IF MEMORY SERVES ME CORRECTLY …

then my PC should be running okay. But, all too often, it becomes bogged down with so many downloads, songs, articles and such that I need more memory for it!
Actually, it’s one of the best ways to improve performance as well as speed! Now, you can go to a big computer-repair places for a memory component (and maybe be charged an arm-and-a-leg for one you’re not familiar with) or you can click the link I’m about to give you! It’ll take you to a spot where you can not only buy your own component, but at a much lower price! And they have such a selection that you’re bound to find a component that’ll fit your computer’s needs exactly!
In fact, you can even show them what price range and memory capacity you want, and they’ll provide you with a tailor-made selection. In many cases, you also get free shipping included!
So, if your PC’s dragging and you need a boost in speed and performance, just click on this link for the best in computer memory.
When you see your music playing smoothly, your downloads running a lot quicker and your games more playable, you’ll really be glad you did!

Pedestrians Crossing …

by The Rock Relic

Over the past two weeks, we’ve read or heard about the number of pedestrians that’ve been hit in our area. Whether it was on Ballantyne Commons Parkway, Milton Road or on a road in South Carolina (where a man was “relieving himself”!), it’s still a terrifying experience for both victim (if he/she lives through it) and the driver who hit the victim!

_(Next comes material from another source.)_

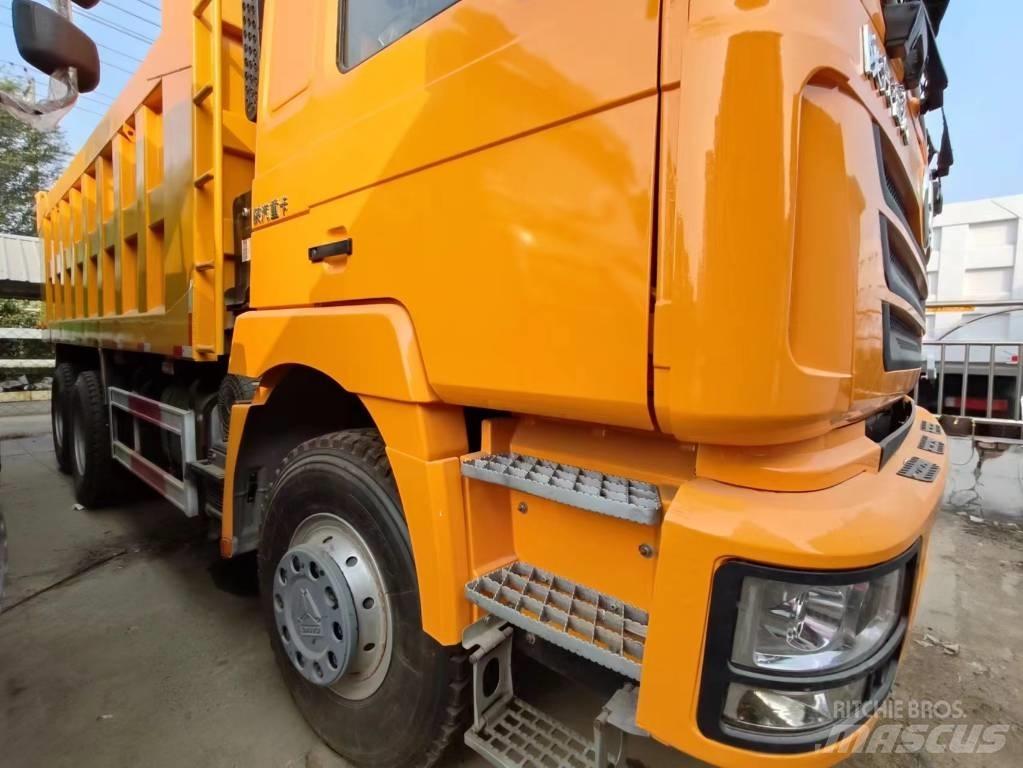 Shacman F3000 6X4 Sora- ja kippiautot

Listen — there are certain “rules of the road” that can help drivers miss these pedestrians (like being sure you’re driving at a slower speed through heavily-populated neighborhoods, scanning the road ahead of you where possible for any sign of “walkers” and, especially, watching out for cars parked on the side of the road! You can’t tell if a man or woman [or, worse, a child] will step out between bumpers of two parked cars!) just as there are for pedestrians to help drivers (such as wearing light clothing or jacket [preferably white or bright yellow], staying at least two feet away from the road itself where possible and being aware of any and all traffic coming!).

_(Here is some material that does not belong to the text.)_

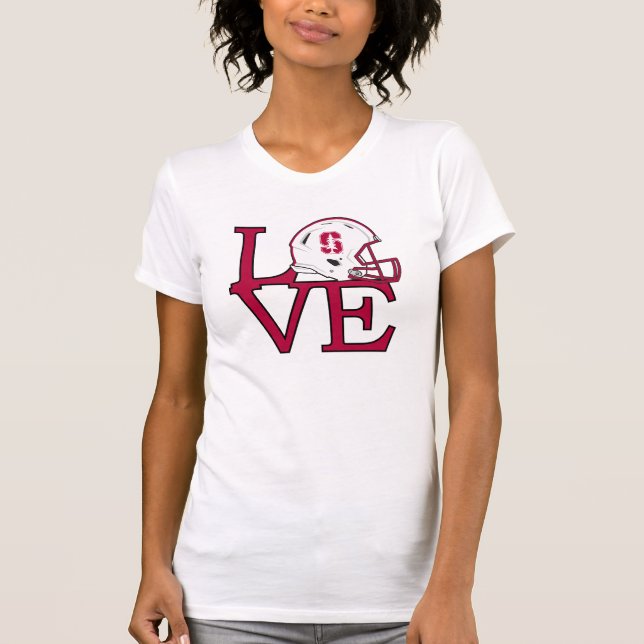 Stanford Love T-Shirt (Front)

By following these simple steps (and there are so many others, I’m sure), we can make this a safe and happy holiday for everyone. No one wants to be in the hospital — or worse — at Christmas, right?

IPOD, YOUPOD?

Being a music lover, I can tell ya that one of the most invaluable little gadgets on the market is the Ipod. Now, what this is (as if you didn’t already know!) is a palm-sized, electronic device primarily created to play music.
They’re extremely portable, and can carry more tunes than a CD or cassette. Now, there’s one out called the “Ipod nano” that also can let you enjoy movies and TV shows — and all on a two-inch display!
And there’s one spot where you can buy these at a lower price than most (if not all) retail outlets. It has a fantastic selection and also has a great low-price guarantee as well as nifty gift certificates for those on your list!
Considering the weather (it’s gettin’ colder!), one of the best things about shopping with these folks (I’ll give ya the link to click in just a moment) is that you can do it online and securely!
Quality, price, selection, guarantee — what more could you ask for? Then just click the following link to find the best in ipods. Believe me, it’s worth it!

About Charlotte, NC

This site, "About Charlotte", gives the reader an inside look at one of the most progressive yet comfortable cities in the nation. With each entry, the blog will take the reader into Charlotte, North Carolina and explore the faces, places, attractions, and events of the area. Highly diverse and consumer-oriented, the Queen City continues to grow as an eclectic mix of big business and down-home friendliness.